CRPropa is designed around an event-driven engine combining a C++ core for performance with Python bindings for configuration and analysis, facilitating integration with tools used by projects like NumPy, SciPy, and Matplotlib in research pipelines of institutions such as MIT, Caltech, and Princeton University. Its architecture provides modular physics modules, magnetic-field handlers, and observer definitions that mirror practices from simulations done at CERN and Brookhaven National Laboratory. The framework supports parallel execution using standards common in supercomputing centers including NERSC, TRIUMF, and EPFL clusters, and it can read astrophysical maps from missions like WMAP and Planck (spacecraft).

Physics Modules and Simulations

The code includes modules for photo-disintegration, photo-pion production, pair production, and nuclear decay channels, relying on cross-section data and interaction tables comparable to those curated by Particle Data Group researchers and experimental collaborations such as NA61/SHINE and LHCb. Propagation modules implement energy loss in background radiation fields represented by models linked to works from Francesco Haardt, Piero Madau, and Tomasz L. Stanev-style cosmic backgrounds, enabling studies that connect to EGRET and Fermi Gamma-ray Space Telescope measurements. Magnetic-field propagation can use structured fields from cosmological simulations produced by teams at Millennium Simulation-scale groups, Illustris collaborators, or reconstructions by researchers at Max Planck Institute for Radio Astronomy and Jülich Research Centre.

Usage and Applications

Researchers apply CRPropa to model source scenarios including Active Galactic Nucleus, Gamma-ray Burst, Starburst Galaxy, and Galaxy Cluster environments to produce predictions for observatories such as Pierre Auger Observatory, Telescope Array Project, IceCube, and KM3NeT. It supports multi-messenger analyses linking neutrino, gamma-ray, and cosmic-ray outputs comparable to joint studies by Fermi-LAT and IceCube Collaboration, or correlation analyses pursued by teams at Harvard-Smithsonian Center for Astrophysics. The toolkit has been used in publications by groups affiliated with Universität Bremen, University of Tokyo, University of São Paulo, and University of Barcelona.

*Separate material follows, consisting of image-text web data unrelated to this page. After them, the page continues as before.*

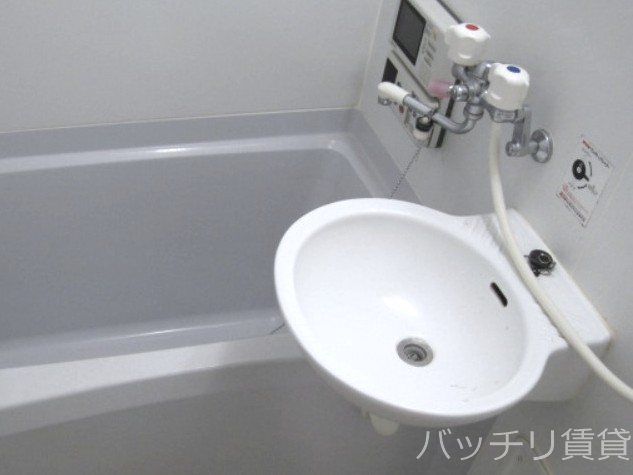 洗面設備　同型タイプの為現状優先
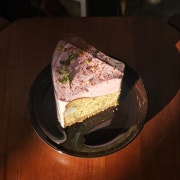 라즈베리크림 피스타치오치즈케이크 메뉴 사진(네이버)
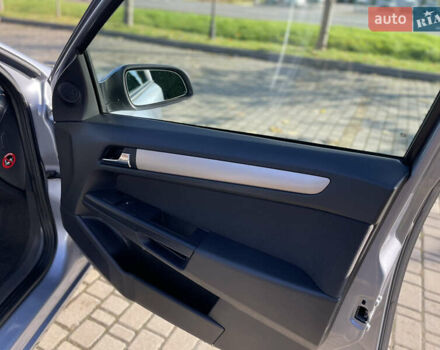 Серый Опель Астра, объемом двигателя 1.6 л и пробегом 228 тыс. км за 5500 $, фото 26 на Automoto.ua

Validation and Performance

Validation efforts compare CRPropa outputs with analytic benchmarks, semi-analytic tools, and experimental data from instruments like Pierre Auger Observatory and KASCADE-Grande. Performance tuning leverages profiling techniques and high-performance computing resources used by National Energy Research Scientific Computing Center and regional centers at Barcelona Supercomputing Center, enabling large-scale parameter scans consistent with practices in analyses by LHC experiments and space missions such as Chandra X-ray Observatory. Peer-reviewed studies by research groups at University of Chicago and University of Amsterdam have documented agreement within experimental uncertainties for spectra and composition predictions.

Community and Licensing

The project is maintained by a distributed collaboration of developers from universities and laboratories including Max Planck Institute for Astrophysics, Instituto de Astrofísica de Canarias, Universidade de São Paulo, and Institute for Advanced Study affiliates. Development is coordinated on public platforms used by projects like NumFOCUS-hosted software and follows contribution practices similar to those in open-source collaborations associated with Astropy and scikit-learn. Licensing is GPL-compatible to ensure reuse in academic and collaborative contexts analogous to policies adopted by institutions such as European Space Agency and National Aeronautics and Space Administration teams.